The orbiter consisted of a cylinder with two solar panel wings and a high gain parabolic antenna attached to the curved surface. A bell-shaped unit holding propulsion systems was attached to the bottom of the cylinder, and mounted on top was a  sphere which held the landers. To reach Venus, the spacecraft traveled in a heliocentric orbit from Earth to the planet with perihelion of 0.72 AU, apohelion of 1.02 AU, eccentricity of 0.17, inclination of 2.3 degrees and orbital period of 294 days.

Lander

On October 23, 1975, the lander separated from the orbiter, and touched down with the sun near zenith, at 05:17 UT, on October 25.
A system of circulating fluid was used to distribute the heat load. This system, plus precooling prior to entry, permitted operation of the spacecraft for 65 minutes after landing. During descent, heat dissipation and deceleration were accomplished sequentially by protective hemispheric shells, three parachutes, a disk-shaped drag brake, and a compressible, metal, doughnut-shaped, landing cushion.

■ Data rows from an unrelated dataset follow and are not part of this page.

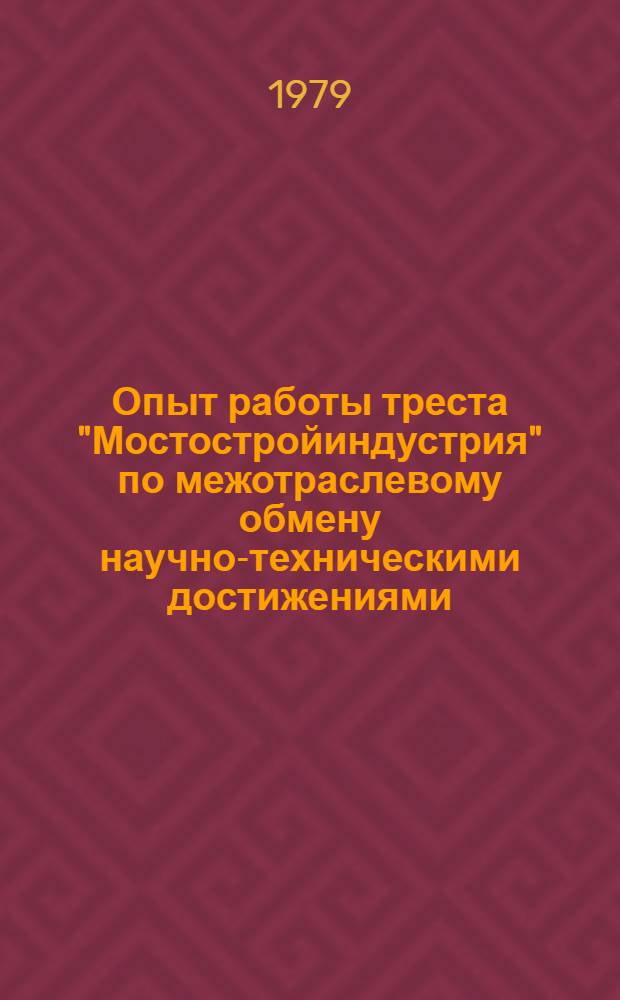 Опыт работы треста "Мостостройиндустрия" по межотраслевому обмену научно-техническими достижениями
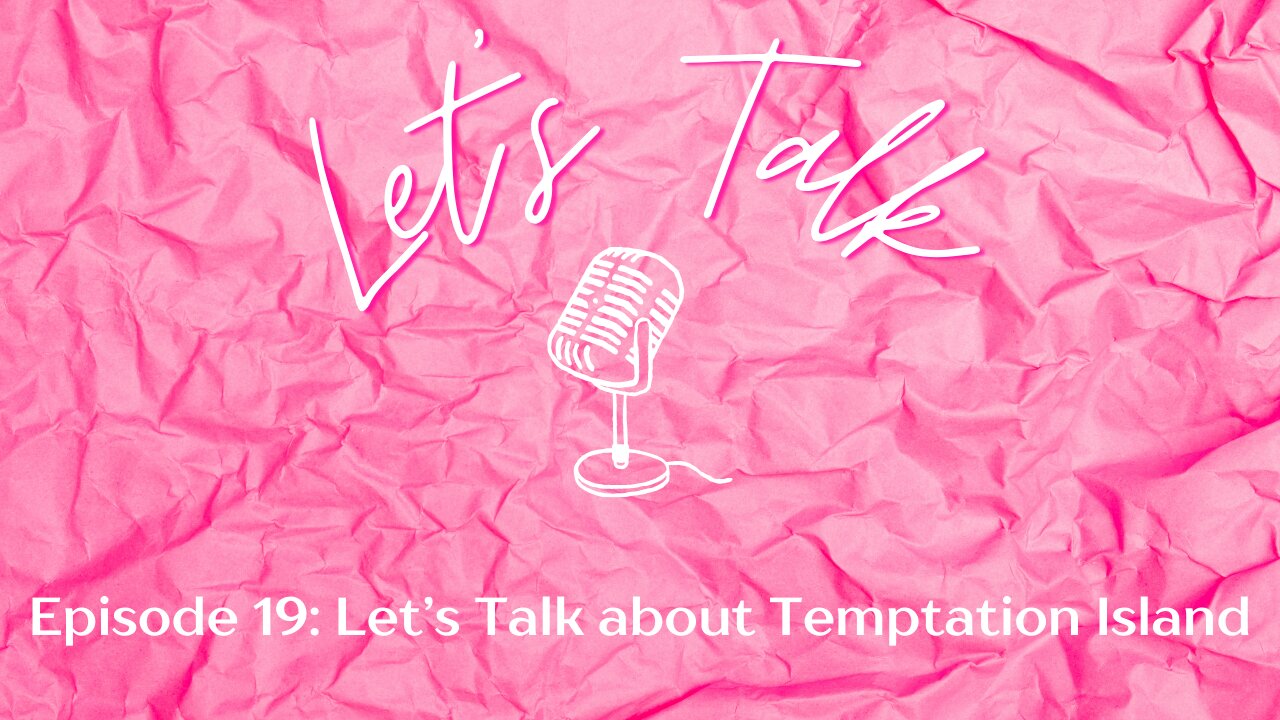 Let's Talk about Temptation Island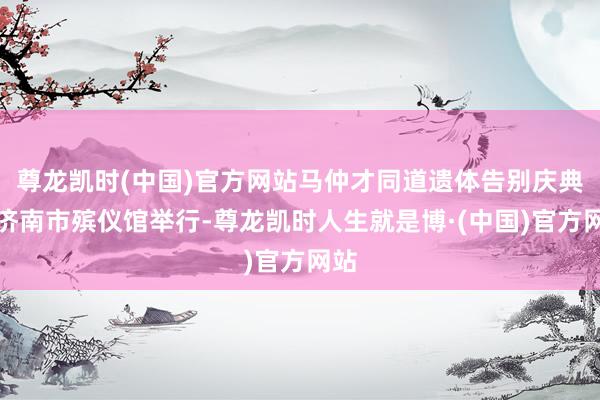 尊龙凯时(中国)官方网站马仲才同道遗体告别庆典在济南市殡仪馆举行-尊龙凯时人生就是博·(中国)官方网站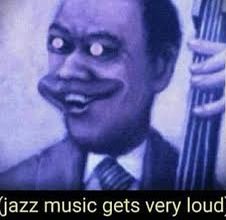 Jazz music gets very loud Blank Meme Template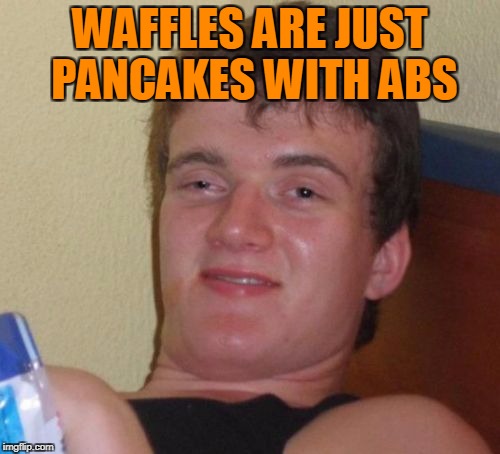 10 Guy Meme | WAFFLES ARE JUST PANCAKES WITH ABS | image tagged in memes,10 guy | made w/ Imgflip meme maker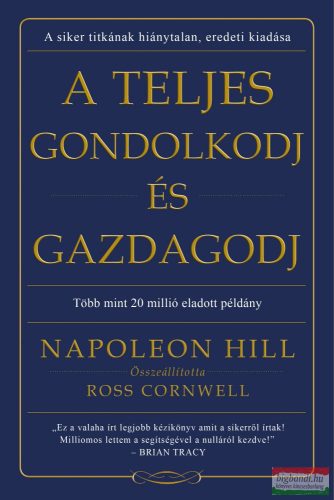 Napoleon Hill - A teljes gondolkodj és gazdagodj 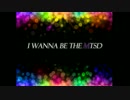 I wanna be the MTSD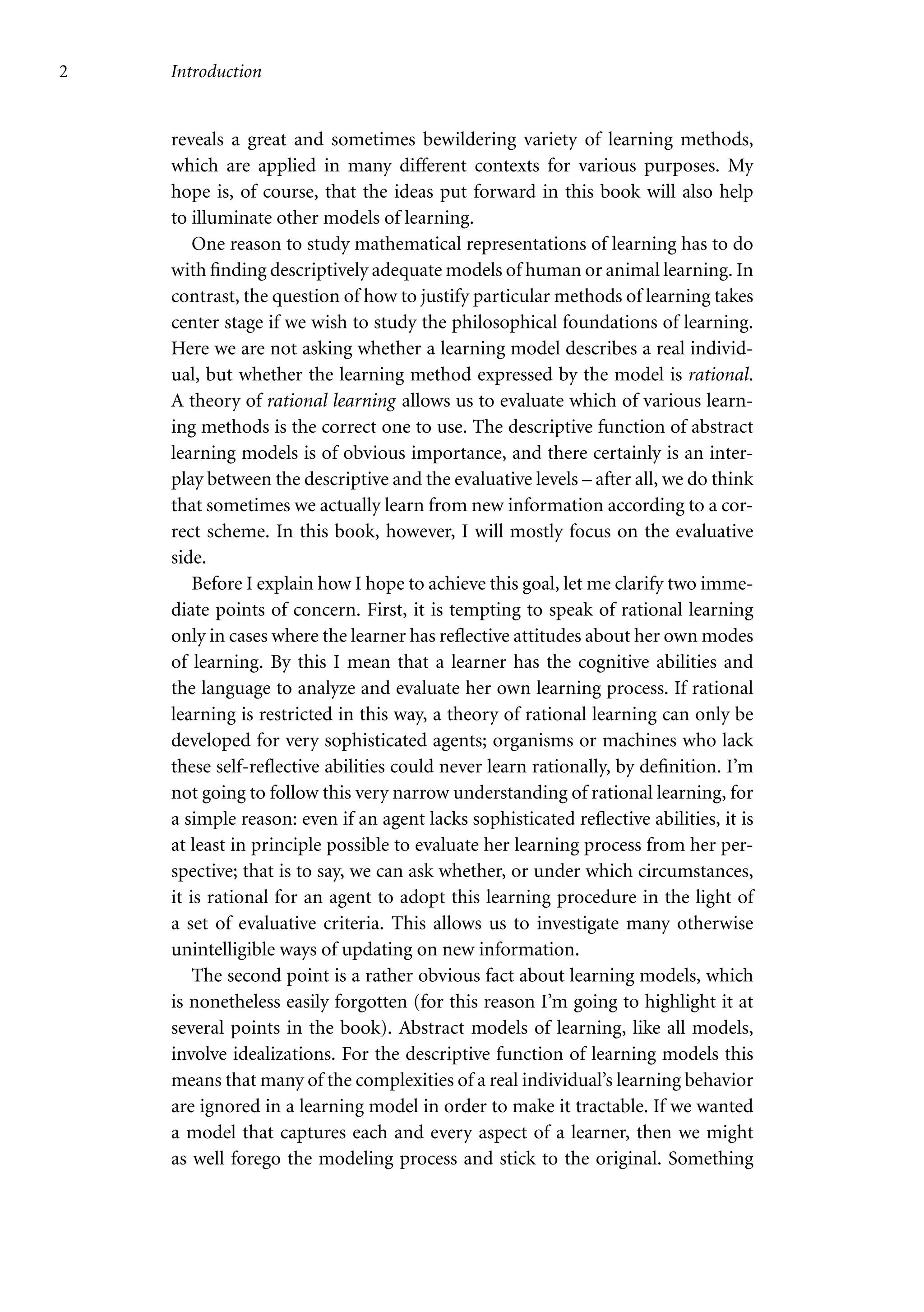 2 Introduction
reveals a great and sometimes bewildering variety of learning methods,
which are applied in many different contexts for various purposes. My
hope is, of course, that the ideas put forward in this book will also help
to illuminate other models of learning.
One reason to study mathematical representations of learning has to do
with finding descriptively adequate models of human or animal learning. In
contrast, the question of how to justify particular methods of learning takes
center stage if we wish to study the philosophical foundations of learning.
Here we are not asking whether a learning model describes a real individ-
ual, but whether the learning method expressed by the model is rational.
A theory of rational learning allows us to evaluate which of various learn-
ing methods is the correct one to use. The descriptive function of abstract
learning models is of obvious importance, and there certainly is an inter-
play between the descriptive and the evaluative levels – after all, we do think
that sometimes we actually learn from new information according to a cor-
rect scheme. In this book, however, I will mostly focus on the evaluative
side.
Before I explain how I hope to achieve this goal, let me clarify two imme-
diate points of concern. First, it is tempting to speak of rational learning
only in cases where the learner has reflective attitudes about her own modes
of learning. By this I mean that a learner has the cognitive abilities and
the language to analyze and evaluate her own learning process. If rational
learning is restricted in this way, a theory of rational learning can only be
developed for very sophisticated agents; organisms or machines who lack
these self-reflective abilities could never learn rationally, by definition. I’m
not going to follow this very narrow understanding of rational learning, for
a simple reason: even if an agent lacks sophisticated reflective abilities, it is
at least in principle possible to evaluate her learning process from her per-
spective; that is to say, we can ask whether, or under which circumstances,
it is rational for an agent to adopt this learning procedure in the light of
a set of evaluative criteria. This allows us to investigate many otherwise
unintelligible ways of updating on new information.
The second point is a rather obvious fact about learning models, which
is nonetheless easily forgotten (for this reason I’m going to highlight it at
several points in the book). Abstract models of learning, like all models,
involve idealizations. For the descriptive function of learning models this
means that many of the complexities of a real individual’s learning behavior
are ignored in a learning model in order to make it tractable. If we wanted
a model that captures each and every aspect of a learner, then we might
as well forego the modeling process and stick to the original. Something
 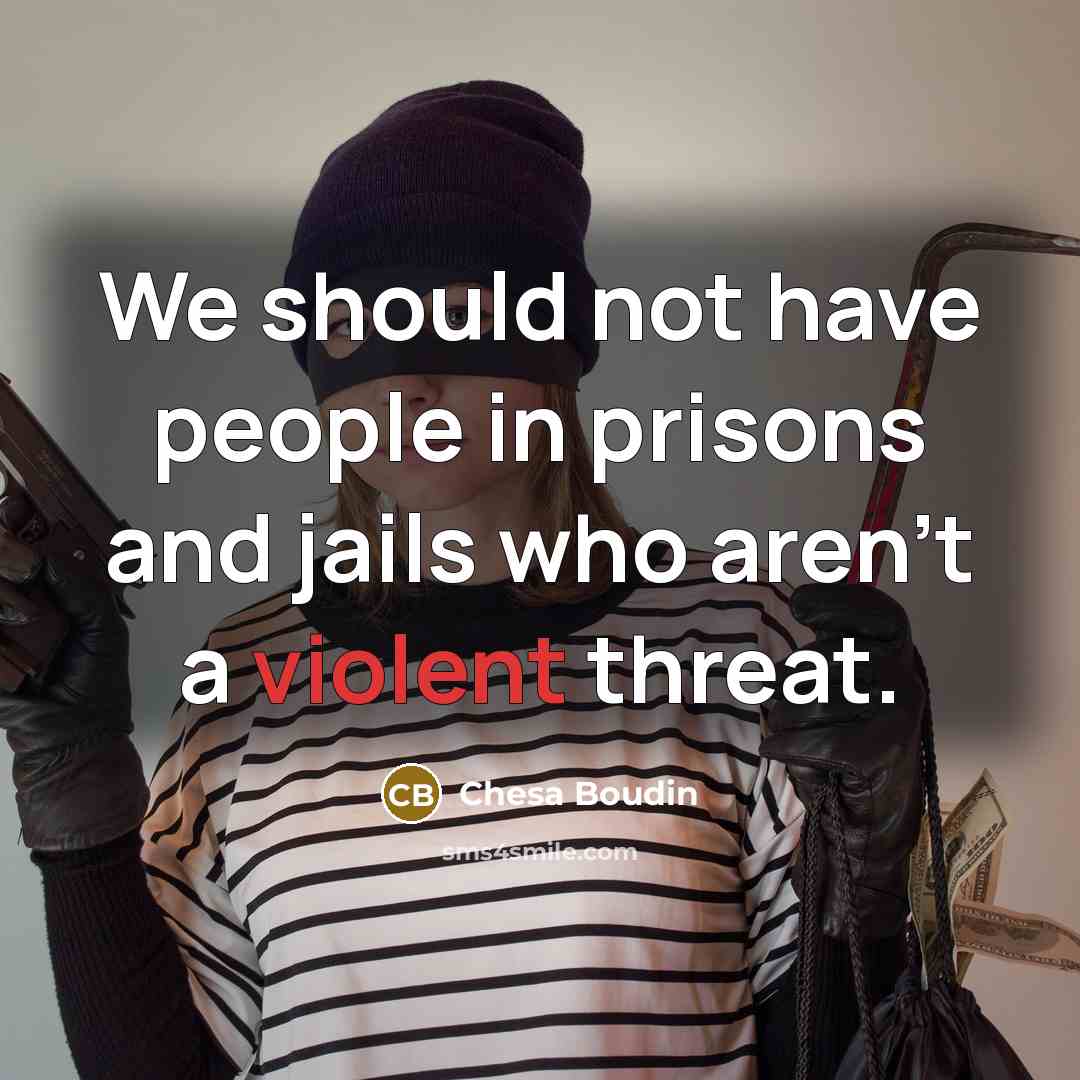 “We should not have people in prisons and jails who…” quote by Chesa Boudin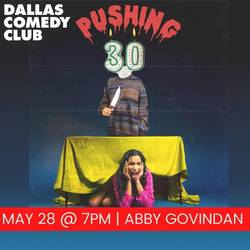 Dallas Comedy Club Presents: Abby Govindan
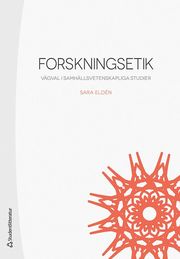 Forskningsetik : vägval i samhällsvetenskapliga studier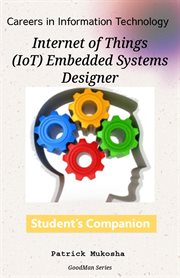 Internet of things (IoT) embedded systems designer : student's companion. Careers in information technology cover image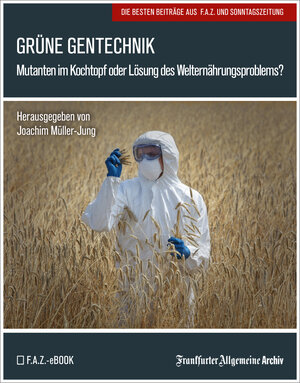 Buchcover Grüne Gentechnik | Frankfurter Allgemeine Archiv | EAN 9783898434584 | ISBN 3-89843-458-3 | ISBN 978-3-89843-458-4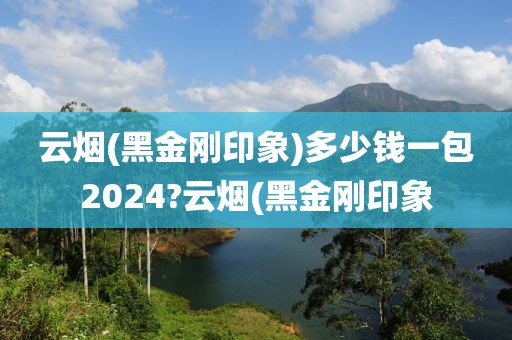 云烟(黑金刚印象)多少钱一包2024?云烟(黑金刚印象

It landed near the border area between Beta Regio and Hyndla Regio (within a 150 km radius of ), three days after the touchdown of, and 2200 km from Venera 9. Venera 10 measured a surface windspeed of 3.5 m/s. Other measurements included atmospheric pressure at various heights, and temperature, and surface light levels. Venera 10 was the second probe to send back black and white television pictures from the Venusian surface (after Venera 9). Venera 10 photographs showed lava rocks of pancake shape with lava or other weathered rocks in between. Planned 360 degree panoramic pictures could not be taken because, as with Venera 9, one of two camera lens covers failed to come off, limiting pictures to 180 degrees.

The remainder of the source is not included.